### Task
Starting with the line with "Reglas de béisbol: la" in the entries below and going on through the line with "Bracciale Chanel CC in oro con medaglione", output every line exactly and nothing more. No pictures.

### Data shown
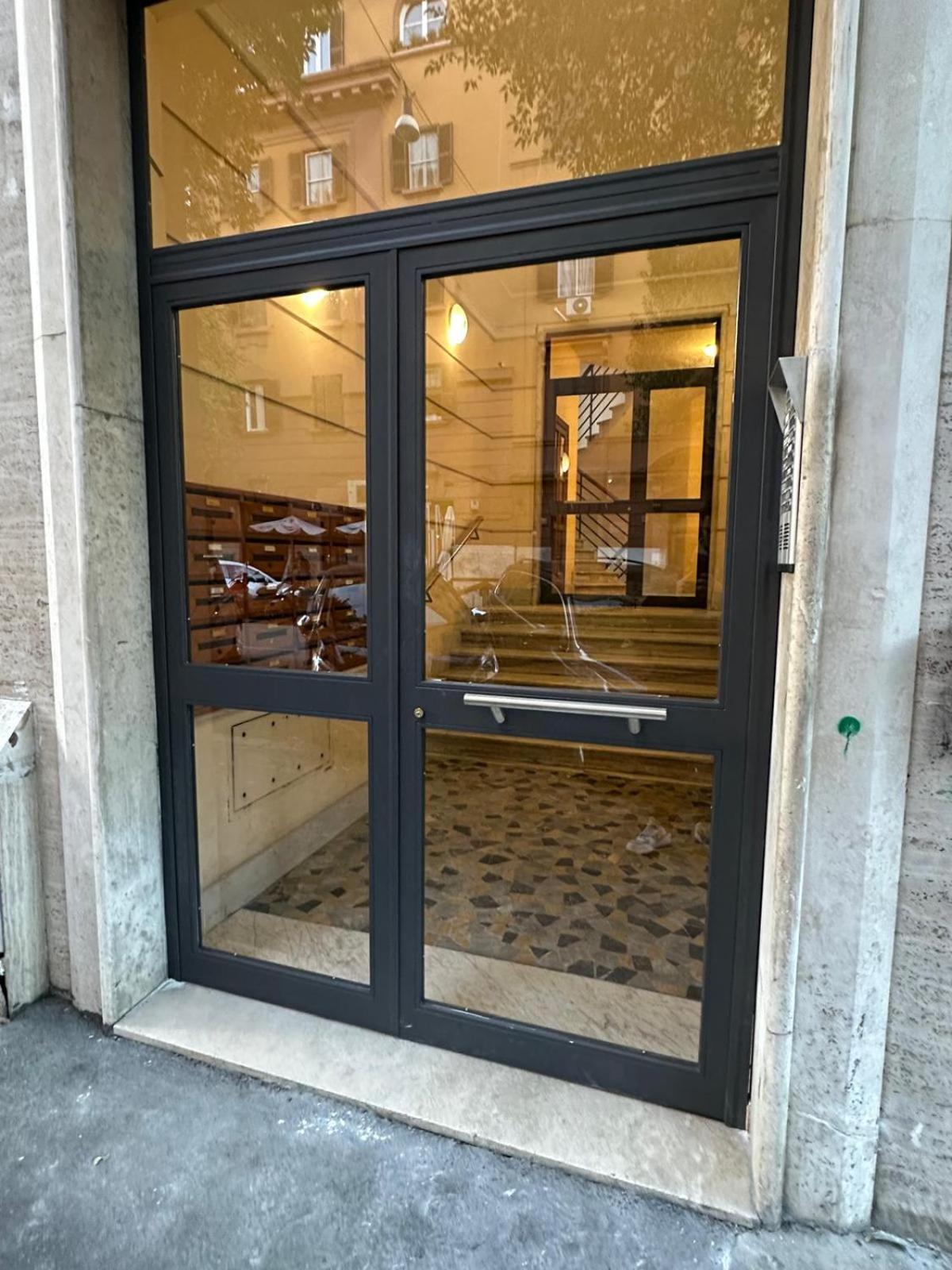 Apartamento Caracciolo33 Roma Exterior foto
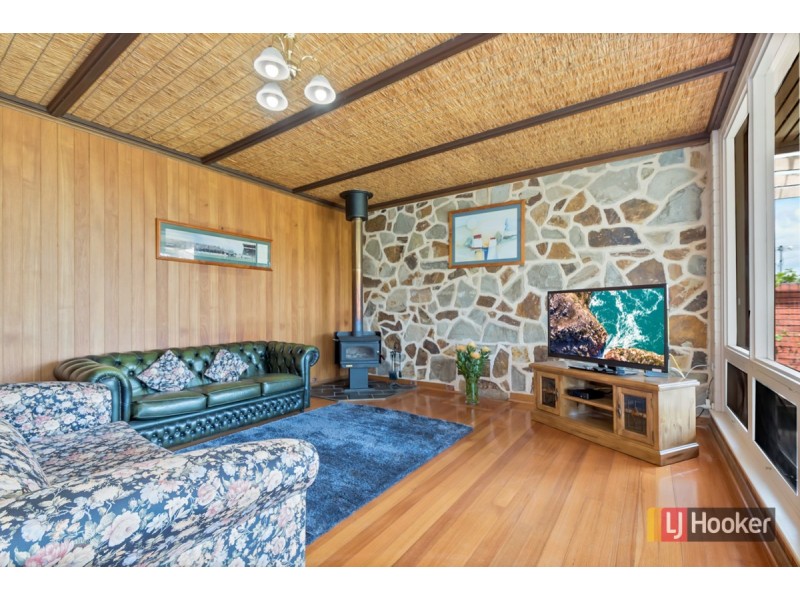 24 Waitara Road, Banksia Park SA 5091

==

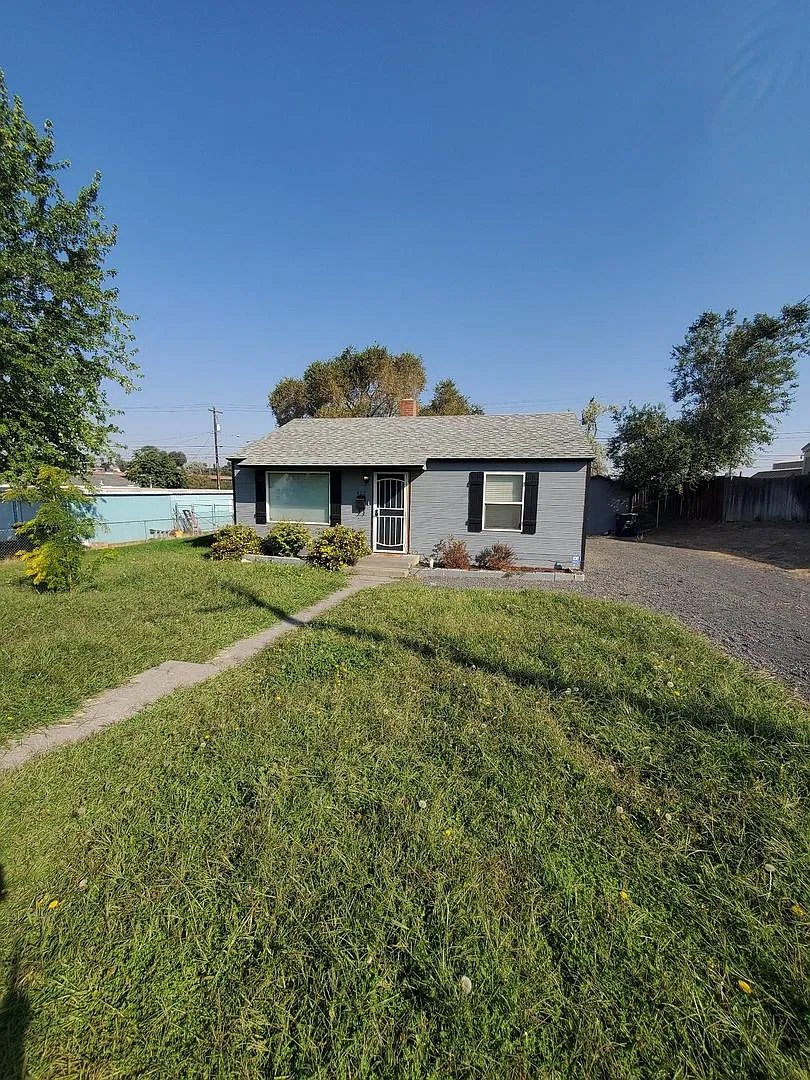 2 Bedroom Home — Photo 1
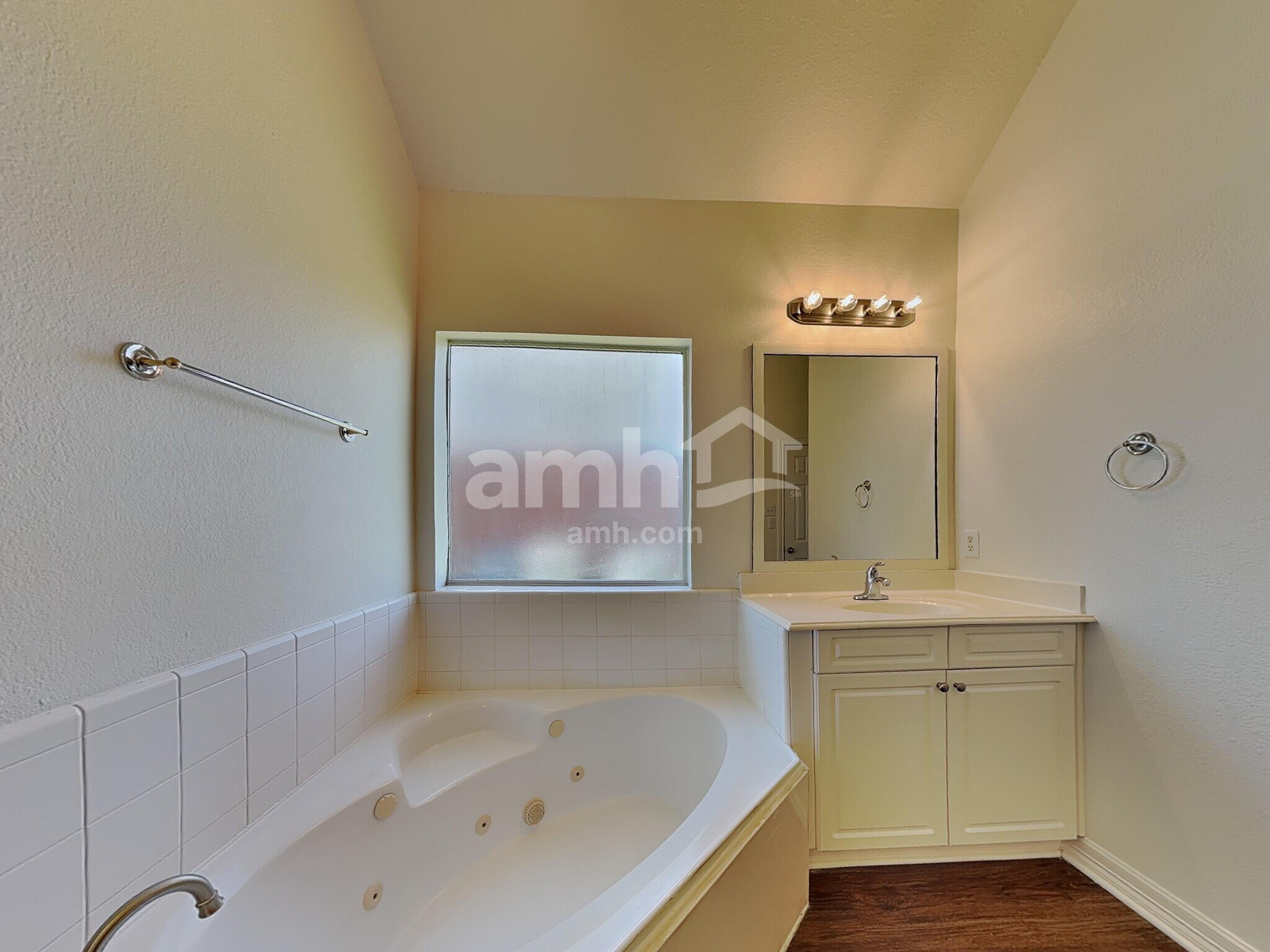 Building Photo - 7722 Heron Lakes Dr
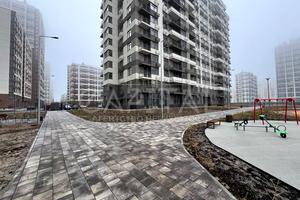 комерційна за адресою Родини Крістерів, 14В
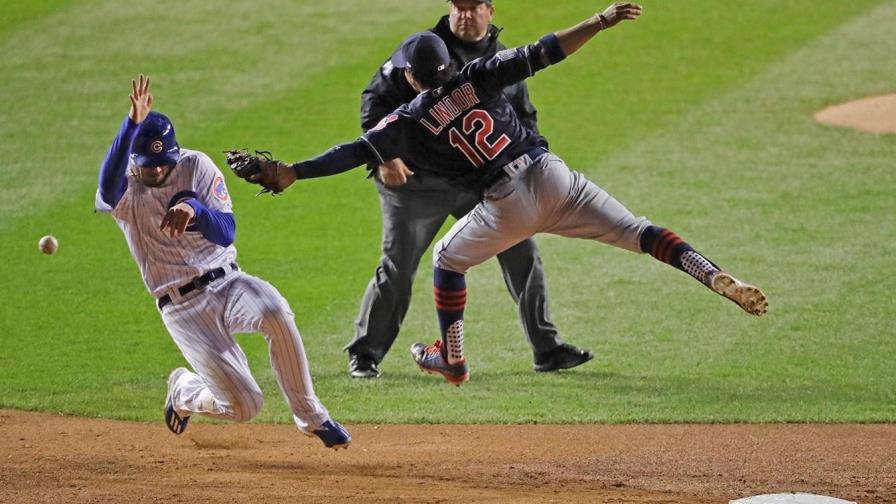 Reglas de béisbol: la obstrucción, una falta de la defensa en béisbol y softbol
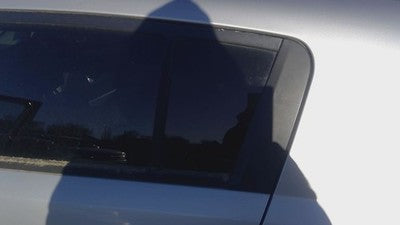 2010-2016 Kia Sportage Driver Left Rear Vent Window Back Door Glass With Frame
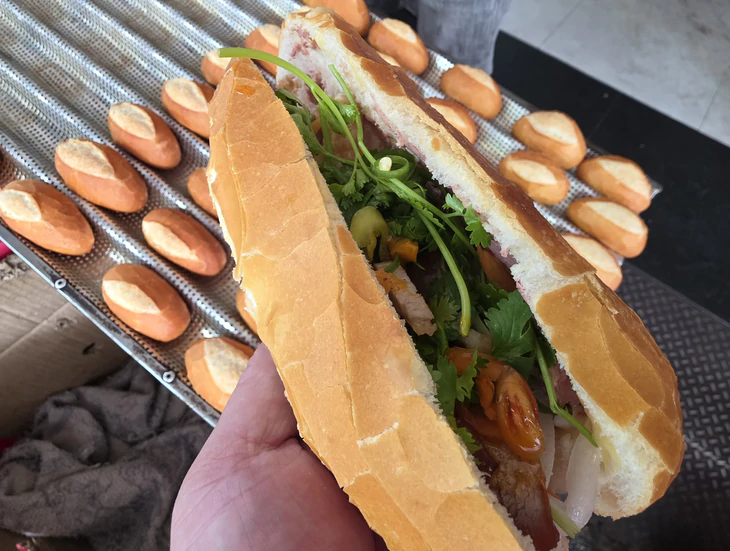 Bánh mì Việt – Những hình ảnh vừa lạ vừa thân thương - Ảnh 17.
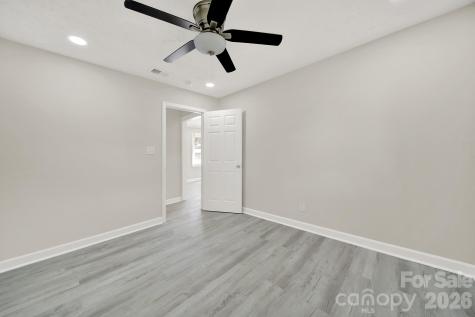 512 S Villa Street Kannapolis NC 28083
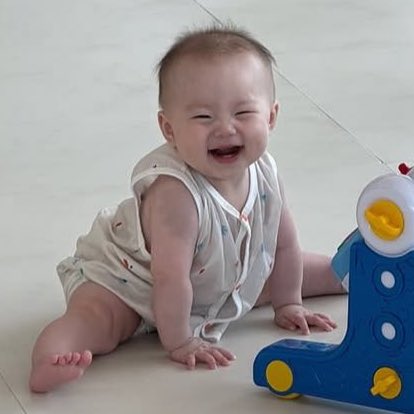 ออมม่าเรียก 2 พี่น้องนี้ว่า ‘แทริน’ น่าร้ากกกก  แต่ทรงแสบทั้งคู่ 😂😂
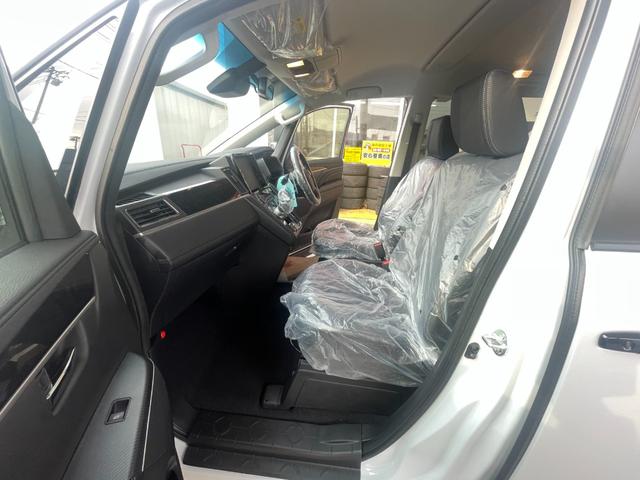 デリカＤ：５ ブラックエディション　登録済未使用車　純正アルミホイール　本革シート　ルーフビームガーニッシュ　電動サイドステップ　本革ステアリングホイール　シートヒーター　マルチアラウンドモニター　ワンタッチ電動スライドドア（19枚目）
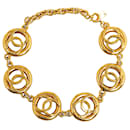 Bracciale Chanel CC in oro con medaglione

--

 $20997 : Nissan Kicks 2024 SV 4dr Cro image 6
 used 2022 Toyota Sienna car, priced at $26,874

### Response area
 Reglas de béisbol: la obstrucción, una falta de la defensa en béisbol y softbol
 2010-2016 Kia Sportage Driver Left Rear Vent Window Back Door Glass With Frame
 Bánh mì Việt – Những hình ảnh vừa lạ vừa thân thương - Ảnh 17.
 512 S Villa Street Kannapolis NC 28083
 ออมม่าเรียก 2 พี่น้องนี้ว่า ‘แทริน’ น่าร้ากกกก  แต่ทรงแสบทั้งคู่ 😂😂
 デリカＤ：５ ブラックエディション　登録済未使用車　純正アルミホイール　本革シート　ルーフビームガーニッシュ　電動サイドステップ　本革ステアリングホイール　シートヒーター　マルチアラウンドモニター　ワンタッチ電動スライドドア（19枚目）
 Bracciale Chanel CC in oro con medaglione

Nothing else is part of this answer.